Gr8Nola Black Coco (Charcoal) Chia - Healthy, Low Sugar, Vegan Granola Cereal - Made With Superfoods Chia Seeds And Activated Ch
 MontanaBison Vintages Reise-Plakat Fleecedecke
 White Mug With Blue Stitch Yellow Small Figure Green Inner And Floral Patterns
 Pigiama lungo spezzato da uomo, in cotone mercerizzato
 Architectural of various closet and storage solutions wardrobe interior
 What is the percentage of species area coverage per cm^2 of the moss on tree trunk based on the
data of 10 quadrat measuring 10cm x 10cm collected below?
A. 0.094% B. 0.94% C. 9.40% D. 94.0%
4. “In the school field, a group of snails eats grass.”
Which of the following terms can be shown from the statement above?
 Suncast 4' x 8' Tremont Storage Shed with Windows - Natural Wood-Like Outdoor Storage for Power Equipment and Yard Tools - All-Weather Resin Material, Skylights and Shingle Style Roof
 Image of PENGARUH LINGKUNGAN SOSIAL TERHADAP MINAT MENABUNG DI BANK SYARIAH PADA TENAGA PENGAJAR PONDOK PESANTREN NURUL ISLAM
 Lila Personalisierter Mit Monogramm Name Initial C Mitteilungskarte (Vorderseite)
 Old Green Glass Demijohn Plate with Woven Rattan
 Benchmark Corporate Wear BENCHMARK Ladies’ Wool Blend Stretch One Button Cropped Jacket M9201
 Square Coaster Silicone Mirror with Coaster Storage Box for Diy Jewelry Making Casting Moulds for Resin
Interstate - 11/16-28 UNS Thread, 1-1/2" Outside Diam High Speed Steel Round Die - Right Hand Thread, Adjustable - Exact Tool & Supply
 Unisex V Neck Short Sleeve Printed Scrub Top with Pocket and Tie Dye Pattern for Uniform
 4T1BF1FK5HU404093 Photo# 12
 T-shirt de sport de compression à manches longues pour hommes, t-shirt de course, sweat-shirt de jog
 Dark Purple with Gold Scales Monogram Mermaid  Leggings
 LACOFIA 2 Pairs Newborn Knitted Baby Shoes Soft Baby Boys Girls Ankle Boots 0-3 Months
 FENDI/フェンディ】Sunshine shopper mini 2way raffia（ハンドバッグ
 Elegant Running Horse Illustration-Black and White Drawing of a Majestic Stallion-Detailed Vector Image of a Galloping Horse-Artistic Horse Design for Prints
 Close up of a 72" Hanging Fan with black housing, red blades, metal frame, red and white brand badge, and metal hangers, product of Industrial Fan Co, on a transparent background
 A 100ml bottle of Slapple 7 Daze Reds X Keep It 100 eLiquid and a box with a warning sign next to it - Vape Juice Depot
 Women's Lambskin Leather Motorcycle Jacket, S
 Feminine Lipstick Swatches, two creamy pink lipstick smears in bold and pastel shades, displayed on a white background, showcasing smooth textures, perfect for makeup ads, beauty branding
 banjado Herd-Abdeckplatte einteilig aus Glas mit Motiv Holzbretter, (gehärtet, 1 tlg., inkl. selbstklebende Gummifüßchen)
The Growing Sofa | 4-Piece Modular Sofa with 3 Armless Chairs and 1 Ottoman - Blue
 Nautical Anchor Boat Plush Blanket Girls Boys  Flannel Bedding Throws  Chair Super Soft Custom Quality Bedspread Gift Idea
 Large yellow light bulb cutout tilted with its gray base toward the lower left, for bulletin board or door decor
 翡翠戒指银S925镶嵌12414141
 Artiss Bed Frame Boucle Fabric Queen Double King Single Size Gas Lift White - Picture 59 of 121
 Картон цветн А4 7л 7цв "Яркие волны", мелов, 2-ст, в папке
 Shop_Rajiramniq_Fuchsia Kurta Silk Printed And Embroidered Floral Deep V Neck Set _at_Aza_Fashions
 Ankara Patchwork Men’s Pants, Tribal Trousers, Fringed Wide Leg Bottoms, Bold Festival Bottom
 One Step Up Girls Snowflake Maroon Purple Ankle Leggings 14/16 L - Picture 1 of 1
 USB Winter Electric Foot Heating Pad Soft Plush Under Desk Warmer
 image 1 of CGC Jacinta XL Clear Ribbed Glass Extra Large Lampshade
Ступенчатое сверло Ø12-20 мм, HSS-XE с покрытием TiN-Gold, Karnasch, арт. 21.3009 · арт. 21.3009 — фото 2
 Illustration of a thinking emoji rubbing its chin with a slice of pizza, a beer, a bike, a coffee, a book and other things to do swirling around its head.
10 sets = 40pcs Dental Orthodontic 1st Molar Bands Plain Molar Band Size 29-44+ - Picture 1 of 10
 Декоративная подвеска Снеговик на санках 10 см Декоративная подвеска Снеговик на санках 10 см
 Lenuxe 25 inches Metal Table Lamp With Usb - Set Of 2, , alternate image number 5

- - -

Transcribe the entire listing above exactly.

[Answer box]
Gr8Nola Black Coco (Charcoal) Chia - Healthy, Low Sugar, Vegan Granola Cereal - Made With Superfoods Chia Seeds And Activated Ch
 MontanaBison Vintages Reise-Plakat Fleecedecke
 White Mug With Blue Stitch Yellow Small Figure Green Inner And Floral Patterns
 Pigiama lungo spezzato da uomo, in cotone mercerizzato
 Architectural of various closet and storage solutions wardrobe interior
 What is the percentage of species area coverage per cm^2 of the moss on tree trunk based on the
data of 10 quadrat measuring 10cm x 10cm collected below?
A. 0.094% B. 0.94% C. 9.40% D. 94.0%
4. “In the school field, a group of snails eats grass.”
Which of the following terms can be shown from the statement above?
 Suncast 4' x 8' Tremont Storage Shed with Windows - Natural Wood-Like Outdoor Storage for Power Equipment and Yard Tools - All-Weather Resin Material, Skylights and Shingle Style Roof
 Image of PENGARUH LINGKUNGAN SOSIAL TERHADAP MINAT MENABUNG DI BANK SYARIAH PADA TENAGA PENGAJAR PONDOK PESANTREN NURUL ISLAM
 Lila Personalisierter Mit Monogramm Name Initial C Mitteilungskarte (Vorderseite)
 Old Green Glass Demijohn Plate with Woven Rattan
 Benchmark Corporate Wear BENCHMARK Ladies’ Wool Blend Stretch One Button Cropped Jacket M9201
 Square Coaster Silicone Mirror with Coaster Storage Box for Diy Jewelry Making Casting Moulds for Resin
Interstate - 11/16-28 UNS Thread, 1-1/2" Outside Diam High Speed Steel Round Die - Right Hand Thread, Adjustable - Exact Tool & Supply
 Unisex V Neck Short Sleeve Printed Scrub Top with Pocket and Tie Dye Pattern for Uniform
 4T1BF1FK5HU404093 Photo# 12
 T-shirt de sport de compression à manches longues pour hommes, t-shirt de course, sweat-shirt de jog
 Dark Purple with Gold Scales Monogram Mermaid  Leggings
 LACOFIA 2 Pairs Newborn Knitted Baby Shoes Soft Baby Boys Girls Ankle Boots 0-3 Months
 FENDI/フェンディ】Sunshine shopper mini 2way raffia（ハンドバッグ
 Elegant Running Horse Illustration-Black and White Drawing of a Majestic Stallion-Detailed Vector Image of a Galloping Horse-Artistic Horse Design for Prints
 Close up of a 72" Hanging Fan with black housing, red blades, metal frame, red and white brand badge, and metal hangers, product of Industrial Fan Co, on a transparent background
 A 100ml bottle of Slapple 7 Daze Reds X Keep It 100 eLiquid and a box with a warning sign next to it - Vape Juice Depot
 Women's Lambskin Leather Motorcycle Jacket, S
 Feminine Lipstick Swatches, two creamy pink lipstick smears in bold and pastel shades, displayed on a white background, showcasing smooth textures, perfect for makeup ads, beauty branding
 banjado Herd-Abdeckplatte einteilig aus Glas mit Motiv Holzbretter, (gehärtet, 1 tlg., inkl. selbstklebende Gummifüßchen)
The Growing Sofa | 4-Piece Modular Sofa with 3 Armless Chairs and 1 Ottoman - Blue
 Nautical Anchor Boat Plush Blanket Girls Boys  Flannel Bedding Throws  Chair Super Soft Custom Quality Bedspread Gift Idea
 Large yellow light bulb cutout tilted with its gray base toward the lower left, for bulletin board or door decor
 翡翠戒指银S925镶嵌12414141
 Artiss Bed Frame Boucle Fabric Queen Double King Single Size Gas Lift White - Picture 59 of 121
 Картон цветн А4 7л 7цв "Яркие волны", мелов, 2-ст, в папке
 Shop_Rajiramniq_Fuchsia Kurta Silk Printed And Embroidered Floral Deep V Neck Set _at_Aza_Fashions
 Ankara Patchwork Men’s Pants, Tribal Trousers, Fringed Wide Leg Bottoms, Bold Festival Bottom
 One Step Up Girls Snowflake Maroon Purple Ankle Leggings 14/16 L - Picture 1 of 1
 USB Winter Electric Foot Heating Pad Soft Plush Under Desk Warmer
 image 1 of CGC Jacinta XL Clear Ribbed Glass Extra Large Lampshade
Ступенчатое сверло Ø12-20 мм, HSS-XE с покрытием TiN-Gold, Karnasch, арт. 21.3009 · арт. 21.3009 — фото 2
 Illustration of a thinking emoji rubbing its chin with a slice of pizza, a beer, a bike, a coffee, a book and other things to do swirling around its head.
10 sets = 40pcs Dental Orthodontic 1st Molar Bands Plain Molar Band Size 29-44+ - Picture 1 of 10
 Декоративная подвеска Снеговик на санках 10 см Декоративная подвеска Снеговик на санках 10 см
 Lenuxe 25 inches Metal Table Lamp With Usb - Set Of 2, , alternate image number 5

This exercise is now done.